Die Beklagte hat daraufhin die Anlage zur Betriebsratsanhörung mit Schriftsatz vom 17.01.2020, beim Landesarbeitsgericht am 17.01.2020 eingegangen, überreicht (vgl. Blatt 274 der Akte) und zudem vorgetragen, dass der Betriebsrat die Stellungnahme als abschließend verstanden habe. Dies entspreche der Üblichkeit im Betrieb und sei auch dadurch belegt, dass die Beklagte in ihrem Anhörungsbogen um die abschließende Stellungnahme des Betriebsrates bitte.

Wegen der weiteren Einzelheiten des Sach- und Streitstandes wird auf die zwischen den Parteien gewechselten Schriftsätze, die zu den Akten gereichten Unterlagen sowie die Protokolle der mündlichen Verhandlungen beider Rechtszüge verwiesen.

Entscheidungsgründe

Die Berufung sowie der Auflösungsantrag der Beklagten bleiben erfolglos.

A. Die Berufung ist zulässig.

Die Berufung ist gemäß § 64 Abs. 1, 2 lit. c) ArbGG statthaft. Ferner ist sie form- und fristgerecht im Sinne von § 66 Abs. 1 ArbGG eingelegt und begründet worden. Die Berufung setzt sich auch hinreichend mit den Entscheidungsgründen des erstinstanzlichen Urteils inhaltlich auseinander und greift dieses mit näher spezifizierten Rügen fehlerhafter Rechtsanwendung an, so dass auch im Übrigen hinsichtlich der Beachtung der Anforderungen aus §§ 64 Abs. 6 Satz 1 ArbGG, 520 Abs. 3 Satz 2 Nr. 2 ZPO keine Bedenken bestehen.

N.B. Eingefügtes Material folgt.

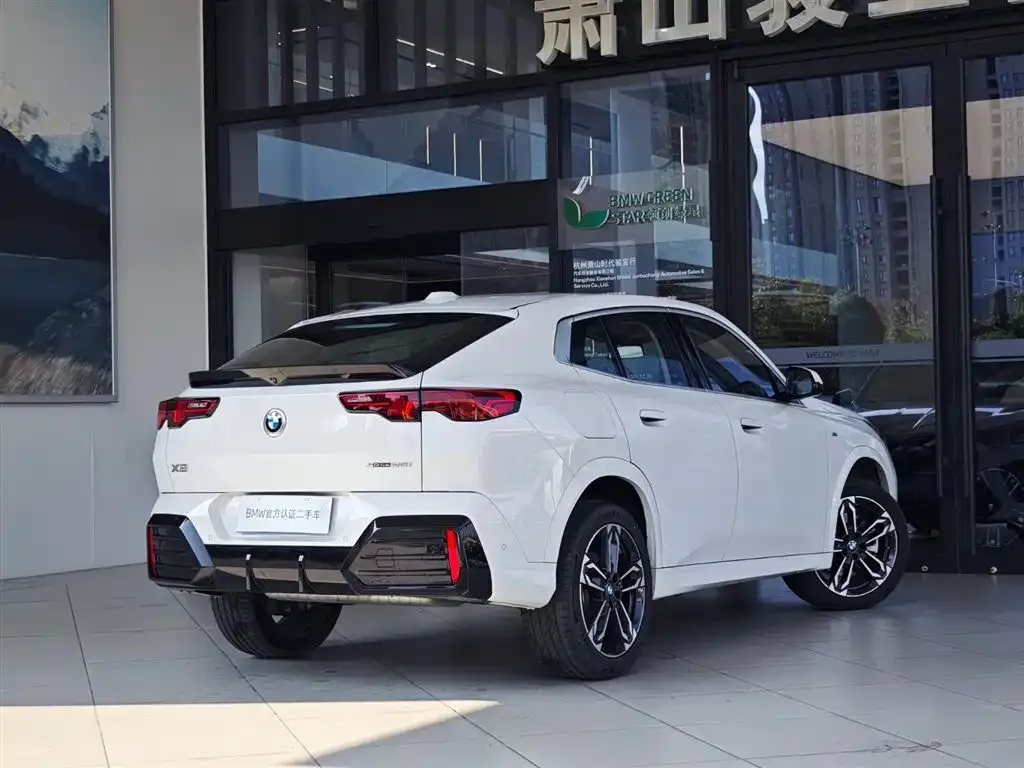 BMW X2 (Import) 2025 из CN, фото 3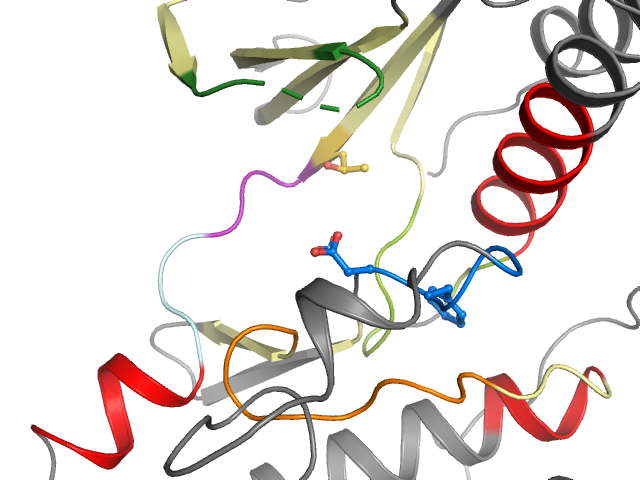 The orthosteric binding pocket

B. Die Berufung ist unbegründet. Das Arbeitsgericht hat zurecht erkannt, dass das Arbeitsverhältnis der Parteien durch die Kündigung der Beklagten vom 25.02.2019 nicht aufgelöst wurde. Es kann dahinstehen, ob die Kündigung bereits unwirksam ist, weil sie vor Ablauf der Frist des § 102 BetrVG ausgesprochen wurde. Insbesondere bedurfte es keiner weiteren Aufklärung der Frage, ob der Betriebsrat eine abschließende Stellungnahme abgegeben hat. Jedenfalls mangelt es der Kündigung an einem Grund nach § 1 KSchG.

I. Die Kündigung ist nicht aus verhaltensbedingten Gründen gerechtfertigt.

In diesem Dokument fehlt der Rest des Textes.